Dass Paulus auch Grüße der Gemeinden Asiens ausrichtet, lässt sich damit erklären, dass der Aufenthaltsort Ephesus die Hauptstadt der im Westen der heutigen Türkei gelegenen römischen Provinz Asien (Asia) ist. Dass Paulus überhaupt von anderen Gemeinden Asiens grüßen lassen kann, setzt voraus, dass im Rahmen der Mission auch außerhalb von Ephesus Gemeinden entstanden sind. Ob die Mission von Ephesus ausgegangen ist, lässt sich nicht erschließen.
Weiterführende Literatur: Mit dem Briefschluss 16,13-24 befasst sich J. A. D. Weima 1994, 201-208, wobei er eine strukturelle und thematische Analyse bietet.
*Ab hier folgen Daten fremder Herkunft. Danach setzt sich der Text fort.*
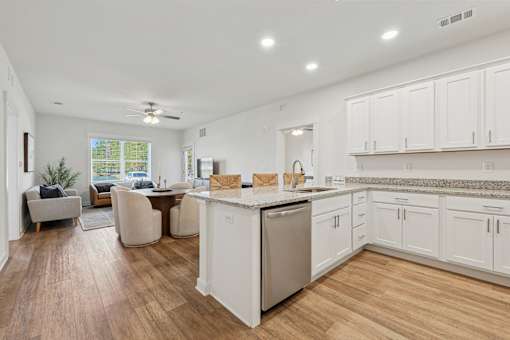 A kitchen with white cabinets and a wooden floor.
J. Harrison 1999, 32-47 geht zunächst auf die Verbindung zwischen göttlicher Gnade und der Begabtheit der Kirche als "Leib Christi“ ein. Im Mittelpunkt des Interesses steht dabei die charismatische Natur der Hausgemeinden und wie sie sich in sozialer Hinsicht ausgedrückt hat. Dann wird den Unterschieden zwischen Paulus’ Hauskirchen und den griechisch-römischen Kultgemeinschaften nachgegangen. Eine Untersuchung der Charakteristika soll dazu dienen, die Probleme zu verstehen, mit denen sich christliche Hausgemeinden konfrontiert sahen. Abschließend wird der Frage nachgegangen, was sich aus dem Vorhergehenden für die Situation in Korinth erschließen lässt.
Als eine durchaus bedeutende Mitarbeiterin des Apostels Paulus sieht Y.-M. Lee 2006, 249-256 Prisca an. Die Nennung ihres Namens vor demjenigen ihres Ehemannes in Apg 18,18.26; Röm 16,3; 2 Tim 4,19 weise auf die Anerkennung ihrer Mitarbeit hin, da es nicht üblich gewesen sei, die Frau zuerst zu nennen. Dabei ließen sich die beiden Ausnahmen aus dem jeweiligen Kontext verständlich machen: So würden in Apg 18,2 die beiden zum ersten Mal erwähnt und vorgestellt. Hinsichtlich 1 Kor 16,19 könnte der Grund dagegen in der besonderen Situation der korinthischen Gemeinde liegen (vgl. z. B. 1 Kor 14,33-36).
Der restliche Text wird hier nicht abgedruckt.